First, let us recall that in 3-dimensional matching we are given a list of triples $$T \subseteq X \times Y \times Z$$, consisting of triples $$(x_1,y_1,z_1),\ldots,(x_n,y_n,z_n)$$, and a number $$k$$, and the question is whether there are $$k$$ triples $$(x_{i_1},y_{i_1},z_{i_1}),\ldots,(x_{i_k},y_{i_k},z_{i_k})$$ such that $$x_{i_r} \neq x_{i_s}$$, $$y_{i_r} \neq y_{i_s}$$, $$z_{i_r} \neq z_{i_s}$$ for $$r \neq s$$.

Unary encoding

For every $$1 \leq r \leq k$$ and $$1 \leq i \leq n$$ we have a variable $$t_{r,i}$$, whose meaning is "$$i_r = i$$".

For every $$1 \leq r \leq k$$, we have the constraint $$\bigvee_{i=1}^n t_{r,i},$$ stating that some triple must be the $$r$$'th triple.
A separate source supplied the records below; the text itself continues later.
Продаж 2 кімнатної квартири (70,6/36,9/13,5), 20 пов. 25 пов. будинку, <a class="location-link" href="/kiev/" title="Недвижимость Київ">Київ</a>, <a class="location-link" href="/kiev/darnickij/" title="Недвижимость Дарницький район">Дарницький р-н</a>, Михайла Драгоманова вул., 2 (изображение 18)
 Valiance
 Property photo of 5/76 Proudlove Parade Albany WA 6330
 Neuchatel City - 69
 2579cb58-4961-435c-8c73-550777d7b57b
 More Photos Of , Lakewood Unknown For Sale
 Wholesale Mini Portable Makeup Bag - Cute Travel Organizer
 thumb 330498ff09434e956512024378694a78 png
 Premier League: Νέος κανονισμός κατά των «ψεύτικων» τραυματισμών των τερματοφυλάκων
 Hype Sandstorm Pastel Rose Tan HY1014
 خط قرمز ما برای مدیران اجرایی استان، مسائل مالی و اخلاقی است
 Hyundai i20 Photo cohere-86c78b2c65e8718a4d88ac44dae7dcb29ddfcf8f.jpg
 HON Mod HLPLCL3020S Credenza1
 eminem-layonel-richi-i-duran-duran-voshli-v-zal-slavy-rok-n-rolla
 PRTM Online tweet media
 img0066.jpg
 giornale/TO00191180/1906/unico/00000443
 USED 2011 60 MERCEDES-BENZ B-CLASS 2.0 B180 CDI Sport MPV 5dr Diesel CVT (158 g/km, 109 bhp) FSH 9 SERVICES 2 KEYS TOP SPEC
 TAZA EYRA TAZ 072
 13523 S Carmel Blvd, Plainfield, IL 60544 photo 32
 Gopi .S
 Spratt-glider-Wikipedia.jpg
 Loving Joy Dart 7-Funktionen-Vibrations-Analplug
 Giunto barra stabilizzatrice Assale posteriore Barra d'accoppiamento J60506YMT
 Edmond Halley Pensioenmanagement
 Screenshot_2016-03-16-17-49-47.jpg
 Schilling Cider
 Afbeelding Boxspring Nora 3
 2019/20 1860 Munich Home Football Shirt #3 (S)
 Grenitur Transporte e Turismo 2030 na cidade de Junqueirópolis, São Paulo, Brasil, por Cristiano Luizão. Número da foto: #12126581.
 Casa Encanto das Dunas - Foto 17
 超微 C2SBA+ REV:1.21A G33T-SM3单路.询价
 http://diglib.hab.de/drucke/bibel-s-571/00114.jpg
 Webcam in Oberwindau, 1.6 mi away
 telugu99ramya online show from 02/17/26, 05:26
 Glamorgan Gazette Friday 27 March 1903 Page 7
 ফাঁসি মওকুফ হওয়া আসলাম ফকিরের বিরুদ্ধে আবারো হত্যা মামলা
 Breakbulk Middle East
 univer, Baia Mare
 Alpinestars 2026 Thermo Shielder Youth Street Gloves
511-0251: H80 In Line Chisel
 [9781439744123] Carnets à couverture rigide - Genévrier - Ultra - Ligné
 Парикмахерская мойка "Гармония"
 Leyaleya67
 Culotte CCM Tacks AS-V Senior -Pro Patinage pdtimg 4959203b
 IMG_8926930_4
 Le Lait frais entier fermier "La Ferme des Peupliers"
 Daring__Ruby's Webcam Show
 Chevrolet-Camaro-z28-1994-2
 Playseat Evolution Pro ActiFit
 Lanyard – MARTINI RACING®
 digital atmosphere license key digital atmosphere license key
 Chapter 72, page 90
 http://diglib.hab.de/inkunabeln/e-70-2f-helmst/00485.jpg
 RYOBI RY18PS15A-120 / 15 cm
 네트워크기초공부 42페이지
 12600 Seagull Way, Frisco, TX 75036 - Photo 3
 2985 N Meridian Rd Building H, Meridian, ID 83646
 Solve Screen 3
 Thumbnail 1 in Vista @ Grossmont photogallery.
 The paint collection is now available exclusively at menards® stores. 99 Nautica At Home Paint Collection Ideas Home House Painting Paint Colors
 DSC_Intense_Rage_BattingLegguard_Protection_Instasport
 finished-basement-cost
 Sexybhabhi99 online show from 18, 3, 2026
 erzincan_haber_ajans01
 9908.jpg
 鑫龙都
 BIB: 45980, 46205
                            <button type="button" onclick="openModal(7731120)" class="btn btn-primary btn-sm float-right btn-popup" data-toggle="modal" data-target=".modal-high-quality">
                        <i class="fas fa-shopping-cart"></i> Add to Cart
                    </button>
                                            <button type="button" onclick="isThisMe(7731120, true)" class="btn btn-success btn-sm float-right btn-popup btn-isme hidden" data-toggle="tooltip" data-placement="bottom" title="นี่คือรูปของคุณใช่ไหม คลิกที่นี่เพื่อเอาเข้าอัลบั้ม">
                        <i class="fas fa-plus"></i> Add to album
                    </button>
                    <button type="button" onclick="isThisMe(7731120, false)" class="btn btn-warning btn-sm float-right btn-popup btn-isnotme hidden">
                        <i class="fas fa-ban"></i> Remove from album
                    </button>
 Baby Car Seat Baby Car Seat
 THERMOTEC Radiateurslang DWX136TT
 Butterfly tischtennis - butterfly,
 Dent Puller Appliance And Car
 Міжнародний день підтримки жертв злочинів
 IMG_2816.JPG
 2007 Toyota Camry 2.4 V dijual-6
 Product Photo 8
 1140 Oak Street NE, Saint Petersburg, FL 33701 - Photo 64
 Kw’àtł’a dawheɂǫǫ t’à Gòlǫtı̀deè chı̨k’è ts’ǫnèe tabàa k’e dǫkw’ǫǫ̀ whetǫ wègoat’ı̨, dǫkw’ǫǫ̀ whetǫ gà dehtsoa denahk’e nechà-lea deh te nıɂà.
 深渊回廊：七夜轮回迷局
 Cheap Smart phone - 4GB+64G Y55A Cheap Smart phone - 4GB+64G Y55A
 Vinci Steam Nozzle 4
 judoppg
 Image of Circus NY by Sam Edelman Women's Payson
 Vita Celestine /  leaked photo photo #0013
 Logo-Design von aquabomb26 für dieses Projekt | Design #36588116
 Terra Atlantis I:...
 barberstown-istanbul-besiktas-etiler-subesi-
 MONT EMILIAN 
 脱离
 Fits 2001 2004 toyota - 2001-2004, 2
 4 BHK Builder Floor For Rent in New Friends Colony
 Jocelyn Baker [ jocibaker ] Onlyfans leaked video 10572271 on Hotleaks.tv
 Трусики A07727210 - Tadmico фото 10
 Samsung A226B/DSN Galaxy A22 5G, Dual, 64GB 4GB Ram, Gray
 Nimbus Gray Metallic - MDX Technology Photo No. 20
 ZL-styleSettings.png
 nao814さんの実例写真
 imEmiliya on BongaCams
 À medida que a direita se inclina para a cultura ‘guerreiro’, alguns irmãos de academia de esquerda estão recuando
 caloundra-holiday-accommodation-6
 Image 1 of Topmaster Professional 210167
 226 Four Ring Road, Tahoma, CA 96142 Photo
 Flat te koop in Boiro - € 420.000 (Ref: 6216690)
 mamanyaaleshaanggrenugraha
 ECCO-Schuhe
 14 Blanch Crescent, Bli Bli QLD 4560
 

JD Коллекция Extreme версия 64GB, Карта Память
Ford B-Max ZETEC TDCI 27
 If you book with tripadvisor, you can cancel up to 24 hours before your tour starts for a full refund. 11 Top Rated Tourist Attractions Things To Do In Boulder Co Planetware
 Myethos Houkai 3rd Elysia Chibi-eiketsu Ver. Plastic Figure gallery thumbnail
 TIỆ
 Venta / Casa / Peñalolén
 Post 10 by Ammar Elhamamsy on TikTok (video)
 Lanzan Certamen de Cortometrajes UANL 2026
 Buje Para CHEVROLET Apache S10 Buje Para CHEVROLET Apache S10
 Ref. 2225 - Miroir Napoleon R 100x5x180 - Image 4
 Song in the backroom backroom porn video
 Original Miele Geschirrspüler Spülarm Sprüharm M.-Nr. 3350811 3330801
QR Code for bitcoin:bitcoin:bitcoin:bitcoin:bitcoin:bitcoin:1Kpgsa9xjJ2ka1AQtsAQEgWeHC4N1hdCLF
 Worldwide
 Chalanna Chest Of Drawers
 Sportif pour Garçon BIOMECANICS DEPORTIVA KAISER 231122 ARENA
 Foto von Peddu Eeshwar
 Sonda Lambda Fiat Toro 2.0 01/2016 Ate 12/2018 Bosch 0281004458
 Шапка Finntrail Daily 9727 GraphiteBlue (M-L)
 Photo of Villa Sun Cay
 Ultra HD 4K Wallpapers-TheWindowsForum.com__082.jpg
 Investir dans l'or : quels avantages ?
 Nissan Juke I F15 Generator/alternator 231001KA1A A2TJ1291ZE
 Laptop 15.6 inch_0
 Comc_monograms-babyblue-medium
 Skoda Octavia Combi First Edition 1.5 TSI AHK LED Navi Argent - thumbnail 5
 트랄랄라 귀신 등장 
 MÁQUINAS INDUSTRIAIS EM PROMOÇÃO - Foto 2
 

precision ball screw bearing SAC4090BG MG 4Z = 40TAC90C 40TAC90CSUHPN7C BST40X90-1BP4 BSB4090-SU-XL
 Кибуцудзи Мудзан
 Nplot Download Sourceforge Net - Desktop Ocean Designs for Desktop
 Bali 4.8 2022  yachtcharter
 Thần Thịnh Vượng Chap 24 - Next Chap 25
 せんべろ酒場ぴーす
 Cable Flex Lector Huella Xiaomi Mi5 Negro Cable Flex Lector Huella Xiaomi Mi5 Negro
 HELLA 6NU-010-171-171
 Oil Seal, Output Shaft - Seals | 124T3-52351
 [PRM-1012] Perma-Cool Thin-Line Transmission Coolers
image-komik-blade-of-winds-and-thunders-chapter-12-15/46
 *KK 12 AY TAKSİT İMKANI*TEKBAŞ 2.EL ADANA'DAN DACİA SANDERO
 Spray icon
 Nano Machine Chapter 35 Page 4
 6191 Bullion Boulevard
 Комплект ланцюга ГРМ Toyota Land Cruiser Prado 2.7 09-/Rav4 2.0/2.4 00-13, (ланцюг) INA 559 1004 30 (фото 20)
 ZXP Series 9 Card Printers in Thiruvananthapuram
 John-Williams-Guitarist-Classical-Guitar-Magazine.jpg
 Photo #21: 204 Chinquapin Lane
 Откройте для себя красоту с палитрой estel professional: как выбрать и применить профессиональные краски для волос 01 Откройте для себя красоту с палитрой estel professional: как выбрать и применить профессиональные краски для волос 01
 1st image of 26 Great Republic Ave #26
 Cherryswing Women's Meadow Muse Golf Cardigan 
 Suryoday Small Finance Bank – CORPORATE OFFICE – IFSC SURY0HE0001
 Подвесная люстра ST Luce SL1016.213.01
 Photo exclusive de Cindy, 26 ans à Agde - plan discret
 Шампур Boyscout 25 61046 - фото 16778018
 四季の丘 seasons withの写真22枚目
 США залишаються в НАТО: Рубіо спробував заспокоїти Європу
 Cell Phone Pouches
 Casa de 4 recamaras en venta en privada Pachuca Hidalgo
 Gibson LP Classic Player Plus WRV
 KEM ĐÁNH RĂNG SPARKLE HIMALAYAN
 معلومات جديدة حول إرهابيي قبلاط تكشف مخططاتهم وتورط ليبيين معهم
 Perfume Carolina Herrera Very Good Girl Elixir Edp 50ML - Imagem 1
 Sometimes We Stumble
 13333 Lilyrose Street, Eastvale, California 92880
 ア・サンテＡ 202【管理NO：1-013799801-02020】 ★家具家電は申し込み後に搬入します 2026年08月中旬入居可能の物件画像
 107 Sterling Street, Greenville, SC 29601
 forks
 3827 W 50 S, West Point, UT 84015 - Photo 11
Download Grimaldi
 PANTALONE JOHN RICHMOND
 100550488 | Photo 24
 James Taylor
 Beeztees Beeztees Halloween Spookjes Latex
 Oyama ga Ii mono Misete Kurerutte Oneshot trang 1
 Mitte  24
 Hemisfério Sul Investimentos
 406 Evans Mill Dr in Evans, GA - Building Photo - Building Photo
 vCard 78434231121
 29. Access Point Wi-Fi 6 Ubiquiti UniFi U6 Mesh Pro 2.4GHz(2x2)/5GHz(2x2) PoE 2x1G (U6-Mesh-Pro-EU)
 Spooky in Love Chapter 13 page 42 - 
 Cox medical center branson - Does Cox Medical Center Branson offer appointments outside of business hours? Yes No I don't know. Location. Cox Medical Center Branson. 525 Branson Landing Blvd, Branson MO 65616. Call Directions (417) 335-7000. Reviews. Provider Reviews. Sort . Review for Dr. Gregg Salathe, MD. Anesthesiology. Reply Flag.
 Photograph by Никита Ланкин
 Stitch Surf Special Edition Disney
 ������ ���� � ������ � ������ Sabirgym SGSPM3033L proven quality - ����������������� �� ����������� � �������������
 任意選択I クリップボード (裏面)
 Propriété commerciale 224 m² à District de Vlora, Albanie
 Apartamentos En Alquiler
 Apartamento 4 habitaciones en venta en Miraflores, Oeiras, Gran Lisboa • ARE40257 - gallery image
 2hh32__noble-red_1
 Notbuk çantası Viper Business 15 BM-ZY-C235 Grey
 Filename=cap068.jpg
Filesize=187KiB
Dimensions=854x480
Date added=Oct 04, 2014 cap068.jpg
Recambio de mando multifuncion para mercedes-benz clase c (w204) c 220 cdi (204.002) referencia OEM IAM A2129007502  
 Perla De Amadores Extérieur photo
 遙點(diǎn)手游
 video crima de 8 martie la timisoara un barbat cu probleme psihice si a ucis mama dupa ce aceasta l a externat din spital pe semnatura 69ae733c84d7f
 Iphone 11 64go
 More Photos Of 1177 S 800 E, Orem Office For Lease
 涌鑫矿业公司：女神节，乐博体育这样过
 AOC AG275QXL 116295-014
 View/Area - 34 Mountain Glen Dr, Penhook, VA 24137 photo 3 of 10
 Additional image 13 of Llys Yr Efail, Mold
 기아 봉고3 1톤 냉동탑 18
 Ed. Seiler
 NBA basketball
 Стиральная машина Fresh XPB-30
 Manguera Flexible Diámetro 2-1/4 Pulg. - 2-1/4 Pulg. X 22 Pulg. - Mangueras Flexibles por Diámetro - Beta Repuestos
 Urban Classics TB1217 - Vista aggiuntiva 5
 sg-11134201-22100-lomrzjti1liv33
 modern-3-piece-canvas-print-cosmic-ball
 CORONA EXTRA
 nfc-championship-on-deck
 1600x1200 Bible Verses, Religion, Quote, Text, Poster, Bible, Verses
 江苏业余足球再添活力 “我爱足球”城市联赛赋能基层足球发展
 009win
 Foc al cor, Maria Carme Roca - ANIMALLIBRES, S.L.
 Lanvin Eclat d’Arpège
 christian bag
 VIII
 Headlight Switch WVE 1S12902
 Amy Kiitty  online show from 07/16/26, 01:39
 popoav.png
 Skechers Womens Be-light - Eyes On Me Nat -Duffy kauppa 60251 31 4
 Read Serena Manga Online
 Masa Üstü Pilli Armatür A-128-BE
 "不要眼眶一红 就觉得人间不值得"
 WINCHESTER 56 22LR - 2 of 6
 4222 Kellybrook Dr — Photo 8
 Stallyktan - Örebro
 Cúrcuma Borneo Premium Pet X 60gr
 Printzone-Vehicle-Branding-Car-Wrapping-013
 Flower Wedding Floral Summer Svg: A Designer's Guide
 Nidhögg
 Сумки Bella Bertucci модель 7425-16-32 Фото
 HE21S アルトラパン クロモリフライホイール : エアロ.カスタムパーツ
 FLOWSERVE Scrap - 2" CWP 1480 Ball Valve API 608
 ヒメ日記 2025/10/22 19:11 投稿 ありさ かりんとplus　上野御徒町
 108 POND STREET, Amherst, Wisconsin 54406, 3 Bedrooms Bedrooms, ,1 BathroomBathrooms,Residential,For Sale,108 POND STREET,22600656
For every $$r \neq s$$ and $$i,j$$ (possibly $$i=j$$) such that $$x_i = x_j$$, or $$y_i = y_j$$, or $$z_i = z_j$$, we have the constraint $$\lnot t_{r,i} \lor \lnot t_{s,j},$$ stating that you cannot choose both the $$i$$'th triple and the $$j$$'th triple (when $$i = j$$, that you cannot choose the same triple twice).

Binary encoding

Let $$\ell = \lceil \log_2 n \rceil$$. For every $$1 \leq r \leq k$$ we have an $$\ell$$-tuple of variables $$\vec{t}_r$$ which encodes the index of the $$r$$'th triple. The constraints are:

• For all $$r$$, clauses encoding "$$\vec{t}_r \leq n$$". This can be encoded using at most $$\ell$$ clauses (for each $$r$$).
• For all $$r \neq s$$ and $$i,j$$ as in unary encoding, a clause encoding "$$\vec{t}_r \neq i$$ or $$\vec{t}_s \neq j$$".

I'll let you work out how to express these as clauses.